Fed Chairman tells Penn business school that technology diminishing corporate leaders' power.
This guy should have quite a resume when he begins job seeking next year.
WASHINGTON - Federal Reserve Board Chairman Alan Greenspan on Sunday gave business school graduates a taste of the sharp-elbowed workplace ahead: they will have to compete with him for a job.
"I have more in common with you graduates than people might think," he said in the commencement address to the University of Pennsylvania's Wharton School in Philadelphia. "After all, before long, after my term at the Federal Reserve comes to an end, I too will be looking for a job."
The Federal Reserve released a text of Greenspan's speech in Washington.
The 79-year-old central bank chairman must step down early next year when his term on the central bank's board expires at the end of January.
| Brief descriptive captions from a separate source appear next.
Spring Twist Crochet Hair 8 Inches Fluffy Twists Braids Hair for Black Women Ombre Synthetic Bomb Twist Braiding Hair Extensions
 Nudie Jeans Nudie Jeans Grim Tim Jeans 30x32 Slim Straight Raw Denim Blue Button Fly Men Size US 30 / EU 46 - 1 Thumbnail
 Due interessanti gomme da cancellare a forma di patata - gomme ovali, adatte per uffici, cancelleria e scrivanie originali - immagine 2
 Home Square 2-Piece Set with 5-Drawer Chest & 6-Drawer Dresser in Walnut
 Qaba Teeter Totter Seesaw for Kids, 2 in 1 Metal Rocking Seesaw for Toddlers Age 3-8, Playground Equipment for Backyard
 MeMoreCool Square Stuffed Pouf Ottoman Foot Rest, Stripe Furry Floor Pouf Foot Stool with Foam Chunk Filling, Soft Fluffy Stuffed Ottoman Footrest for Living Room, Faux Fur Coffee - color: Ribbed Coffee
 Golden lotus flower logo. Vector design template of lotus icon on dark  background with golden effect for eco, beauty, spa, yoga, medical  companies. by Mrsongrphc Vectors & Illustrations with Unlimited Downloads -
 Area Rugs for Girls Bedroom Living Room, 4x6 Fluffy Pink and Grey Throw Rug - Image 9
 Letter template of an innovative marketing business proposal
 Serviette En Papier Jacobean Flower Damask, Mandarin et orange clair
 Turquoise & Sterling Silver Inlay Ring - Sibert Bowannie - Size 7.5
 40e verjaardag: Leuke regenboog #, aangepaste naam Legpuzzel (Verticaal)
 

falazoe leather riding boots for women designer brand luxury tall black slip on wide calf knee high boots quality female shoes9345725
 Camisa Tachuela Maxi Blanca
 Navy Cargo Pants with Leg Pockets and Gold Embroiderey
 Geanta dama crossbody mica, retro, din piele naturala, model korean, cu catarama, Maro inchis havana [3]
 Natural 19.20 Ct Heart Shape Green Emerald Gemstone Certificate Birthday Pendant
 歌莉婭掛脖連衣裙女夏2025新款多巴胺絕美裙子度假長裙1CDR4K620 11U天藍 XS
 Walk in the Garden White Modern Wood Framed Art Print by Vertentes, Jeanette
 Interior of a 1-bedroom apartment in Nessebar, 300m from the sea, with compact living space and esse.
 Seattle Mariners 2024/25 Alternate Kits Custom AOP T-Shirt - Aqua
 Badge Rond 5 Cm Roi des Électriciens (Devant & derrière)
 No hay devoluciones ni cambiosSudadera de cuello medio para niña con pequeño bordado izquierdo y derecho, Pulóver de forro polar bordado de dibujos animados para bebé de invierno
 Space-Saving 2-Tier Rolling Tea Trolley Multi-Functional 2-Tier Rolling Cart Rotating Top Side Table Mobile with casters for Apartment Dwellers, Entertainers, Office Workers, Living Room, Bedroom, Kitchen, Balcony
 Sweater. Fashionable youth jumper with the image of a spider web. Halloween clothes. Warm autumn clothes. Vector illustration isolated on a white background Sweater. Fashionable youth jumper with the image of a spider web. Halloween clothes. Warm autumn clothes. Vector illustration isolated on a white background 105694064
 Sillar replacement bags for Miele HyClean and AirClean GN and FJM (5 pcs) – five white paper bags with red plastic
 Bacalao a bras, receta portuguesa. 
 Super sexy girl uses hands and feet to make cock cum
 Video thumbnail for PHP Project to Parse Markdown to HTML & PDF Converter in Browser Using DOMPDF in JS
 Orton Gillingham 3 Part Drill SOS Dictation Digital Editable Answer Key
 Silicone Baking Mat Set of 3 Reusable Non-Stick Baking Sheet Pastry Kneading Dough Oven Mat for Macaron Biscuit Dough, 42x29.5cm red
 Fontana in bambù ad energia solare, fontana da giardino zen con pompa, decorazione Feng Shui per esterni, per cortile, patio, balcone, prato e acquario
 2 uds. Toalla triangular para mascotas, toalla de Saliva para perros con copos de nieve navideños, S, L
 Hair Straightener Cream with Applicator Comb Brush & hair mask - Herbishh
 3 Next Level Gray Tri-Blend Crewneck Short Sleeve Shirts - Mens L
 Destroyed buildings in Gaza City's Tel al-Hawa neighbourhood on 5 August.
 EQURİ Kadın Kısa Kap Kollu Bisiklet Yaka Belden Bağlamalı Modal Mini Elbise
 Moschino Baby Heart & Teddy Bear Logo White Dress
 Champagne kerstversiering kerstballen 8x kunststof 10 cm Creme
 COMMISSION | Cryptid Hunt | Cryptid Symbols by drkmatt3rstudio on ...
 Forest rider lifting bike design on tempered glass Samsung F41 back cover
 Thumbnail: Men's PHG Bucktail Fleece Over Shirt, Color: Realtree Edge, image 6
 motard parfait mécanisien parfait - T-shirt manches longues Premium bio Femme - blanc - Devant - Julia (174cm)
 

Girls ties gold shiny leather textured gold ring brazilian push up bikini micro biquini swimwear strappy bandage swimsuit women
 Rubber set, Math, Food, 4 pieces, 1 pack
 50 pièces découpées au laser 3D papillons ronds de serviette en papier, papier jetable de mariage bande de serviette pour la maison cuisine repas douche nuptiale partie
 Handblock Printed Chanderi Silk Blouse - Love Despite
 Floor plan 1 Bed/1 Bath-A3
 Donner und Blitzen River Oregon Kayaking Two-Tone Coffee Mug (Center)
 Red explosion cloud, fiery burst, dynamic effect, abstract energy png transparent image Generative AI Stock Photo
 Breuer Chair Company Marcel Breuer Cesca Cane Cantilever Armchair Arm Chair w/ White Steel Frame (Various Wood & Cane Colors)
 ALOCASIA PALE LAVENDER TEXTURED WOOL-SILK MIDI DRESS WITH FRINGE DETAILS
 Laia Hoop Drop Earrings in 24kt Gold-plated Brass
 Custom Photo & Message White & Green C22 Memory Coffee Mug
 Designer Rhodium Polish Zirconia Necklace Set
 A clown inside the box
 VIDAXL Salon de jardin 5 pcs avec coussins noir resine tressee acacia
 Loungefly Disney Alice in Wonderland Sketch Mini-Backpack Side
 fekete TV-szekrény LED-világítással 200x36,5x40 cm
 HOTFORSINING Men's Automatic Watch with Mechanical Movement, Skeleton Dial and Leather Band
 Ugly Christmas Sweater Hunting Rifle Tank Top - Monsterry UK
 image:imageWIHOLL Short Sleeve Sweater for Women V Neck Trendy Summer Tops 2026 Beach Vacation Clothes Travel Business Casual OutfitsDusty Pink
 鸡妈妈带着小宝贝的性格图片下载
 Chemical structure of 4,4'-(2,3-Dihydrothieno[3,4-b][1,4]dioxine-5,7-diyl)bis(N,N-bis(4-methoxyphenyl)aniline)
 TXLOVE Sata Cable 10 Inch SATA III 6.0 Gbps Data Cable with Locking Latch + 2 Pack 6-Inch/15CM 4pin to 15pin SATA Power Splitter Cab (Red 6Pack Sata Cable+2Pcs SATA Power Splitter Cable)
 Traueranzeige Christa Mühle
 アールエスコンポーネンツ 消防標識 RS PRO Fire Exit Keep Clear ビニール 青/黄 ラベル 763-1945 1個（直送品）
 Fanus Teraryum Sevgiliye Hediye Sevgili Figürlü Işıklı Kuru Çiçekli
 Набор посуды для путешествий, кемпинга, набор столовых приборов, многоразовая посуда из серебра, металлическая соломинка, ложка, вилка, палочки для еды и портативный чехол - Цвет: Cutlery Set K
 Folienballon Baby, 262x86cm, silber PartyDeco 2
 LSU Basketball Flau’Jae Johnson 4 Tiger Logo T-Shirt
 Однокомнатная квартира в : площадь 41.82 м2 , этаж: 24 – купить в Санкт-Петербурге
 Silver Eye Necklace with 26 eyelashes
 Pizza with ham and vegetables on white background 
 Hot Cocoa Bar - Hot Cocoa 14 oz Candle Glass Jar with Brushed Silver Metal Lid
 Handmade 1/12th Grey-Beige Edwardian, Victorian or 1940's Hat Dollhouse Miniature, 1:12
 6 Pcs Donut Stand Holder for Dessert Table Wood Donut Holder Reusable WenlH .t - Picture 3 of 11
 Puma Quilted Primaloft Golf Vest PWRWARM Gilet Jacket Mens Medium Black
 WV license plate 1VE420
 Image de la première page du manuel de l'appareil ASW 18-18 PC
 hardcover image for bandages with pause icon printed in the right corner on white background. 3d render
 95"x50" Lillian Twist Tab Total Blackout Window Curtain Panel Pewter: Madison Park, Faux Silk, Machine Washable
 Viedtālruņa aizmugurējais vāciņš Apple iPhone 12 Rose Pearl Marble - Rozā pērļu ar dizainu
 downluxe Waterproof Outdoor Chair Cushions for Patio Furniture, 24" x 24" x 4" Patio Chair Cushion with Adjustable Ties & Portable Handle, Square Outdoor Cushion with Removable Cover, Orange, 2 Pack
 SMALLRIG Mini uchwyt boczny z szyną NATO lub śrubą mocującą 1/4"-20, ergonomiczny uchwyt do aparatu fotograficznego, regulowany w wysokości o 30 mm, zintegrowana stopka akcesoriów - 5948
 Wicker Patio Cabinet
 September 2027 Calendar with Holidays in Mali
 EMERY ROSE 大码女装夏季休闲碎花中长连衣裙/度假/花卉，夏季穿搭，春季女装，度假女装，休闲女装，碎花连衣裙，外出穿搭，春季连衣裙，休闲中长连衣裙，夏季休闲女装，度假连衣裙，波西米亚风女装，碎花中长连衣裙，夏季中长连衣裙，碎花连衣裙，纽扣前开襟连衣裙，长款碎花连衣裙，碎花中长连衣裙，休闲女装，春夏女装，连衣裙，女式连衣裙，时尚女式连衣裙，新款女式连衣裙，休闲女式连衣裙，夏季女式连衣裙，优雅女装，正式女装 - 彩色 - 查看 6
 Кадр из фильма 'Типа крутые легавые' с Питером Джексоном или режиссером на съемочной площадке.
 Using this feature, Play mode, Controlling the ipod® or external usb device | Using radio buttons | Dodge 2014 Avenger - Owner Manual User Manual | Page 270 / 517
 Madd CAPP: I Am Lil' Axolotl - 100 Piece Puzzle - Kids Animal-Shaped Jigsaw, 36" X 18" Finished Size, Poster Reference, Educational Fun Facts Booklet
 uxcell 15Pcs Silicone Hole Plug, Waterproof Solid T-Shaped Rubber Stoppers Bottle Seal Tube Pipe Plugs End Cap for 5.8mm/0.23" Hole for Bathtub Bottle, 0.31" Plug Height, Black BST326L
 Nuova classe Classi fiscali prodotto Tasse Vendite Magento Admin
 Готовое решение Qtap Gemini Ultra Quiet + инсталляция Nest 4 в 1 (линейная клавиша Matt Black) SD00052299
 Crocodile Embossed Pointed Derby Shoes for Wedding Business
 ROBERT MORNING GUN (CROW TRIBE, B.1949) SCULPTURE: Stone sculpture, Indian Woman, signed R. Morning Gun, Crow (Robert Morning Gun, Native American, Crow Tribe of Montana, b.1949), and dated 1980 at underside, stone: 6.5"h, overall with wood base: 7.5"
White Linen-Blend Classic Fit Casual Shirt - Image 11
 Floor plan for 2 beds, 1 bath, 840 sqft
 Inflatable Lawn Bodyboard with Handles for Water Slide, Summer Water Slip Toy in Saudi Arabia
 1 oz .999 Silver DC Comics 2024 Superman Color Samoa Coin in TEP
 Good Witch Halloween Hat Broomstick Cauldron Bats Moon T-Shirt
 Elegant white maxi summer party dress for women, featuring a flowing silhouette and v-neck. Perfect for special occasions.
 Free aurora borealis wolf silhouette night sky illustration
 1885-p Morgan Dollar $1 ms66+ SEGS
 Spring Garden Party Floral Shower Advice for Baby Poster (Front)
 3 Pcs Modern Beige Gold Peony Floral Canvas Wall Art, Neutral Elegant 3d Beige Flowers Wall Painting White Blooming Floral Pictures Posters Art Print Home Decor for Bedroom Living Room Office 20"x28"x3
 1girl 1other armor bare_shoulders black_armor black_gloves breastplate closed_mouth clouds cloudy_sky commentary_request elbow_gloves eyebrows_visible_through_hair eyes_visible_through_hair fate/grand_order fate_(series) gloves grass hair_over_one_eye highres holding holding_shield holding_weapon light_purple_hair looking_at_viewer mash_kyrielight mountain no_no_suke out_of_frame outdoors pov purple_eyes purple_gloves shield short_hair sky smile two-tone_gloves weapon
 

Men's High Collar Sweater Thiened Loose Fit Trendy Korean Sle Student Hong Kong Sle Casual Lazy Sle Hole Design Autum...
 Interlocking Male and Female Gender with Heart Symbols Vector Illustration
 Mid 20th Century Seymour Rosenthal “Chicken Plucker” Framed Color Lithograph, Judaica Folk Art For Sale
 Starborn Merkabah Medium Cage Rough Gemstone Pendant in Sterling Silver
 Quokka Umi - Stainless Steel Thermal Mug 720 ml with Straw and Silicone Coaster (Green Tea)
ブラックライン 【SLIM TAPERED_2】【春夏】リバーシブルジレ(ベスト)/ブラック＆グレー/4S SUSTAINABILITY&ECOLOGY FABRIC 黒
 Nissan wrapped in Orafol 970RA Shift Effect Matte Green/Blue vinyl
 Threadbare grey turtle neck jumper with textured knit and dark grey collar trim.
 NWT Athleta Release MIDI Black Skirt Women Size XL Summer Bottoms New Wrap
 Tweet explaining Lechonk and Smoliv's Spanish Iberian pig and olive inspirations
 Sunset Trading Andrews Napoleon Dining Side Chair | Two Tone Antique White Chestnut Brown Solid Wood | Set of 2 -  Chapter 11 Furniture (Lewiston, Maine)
Lest the newly minted MBAs think their youth gives them an advantage over Greenspan, the Wall Street Journal reported Friday that the Fed chairman has become more fit recently by playing more singles tennis and has lost 20 pounds as a result.
Greenspan reminded students -- and anyone else paying attention -- that his resume is likely to be a lot longer than theirs.
"I could offer all kinds of advice to today's graduates from my nearly six decades in private business and government," he said.
Greenspan told graduates that modern technology makes company information more widely available and that corporate captains face diminished power and closer scrutiny as a result.
"With information systems now accessible to broader ranges of managers and other employees, the monopoly power that proprietary information affords has been significantly reduced," he said.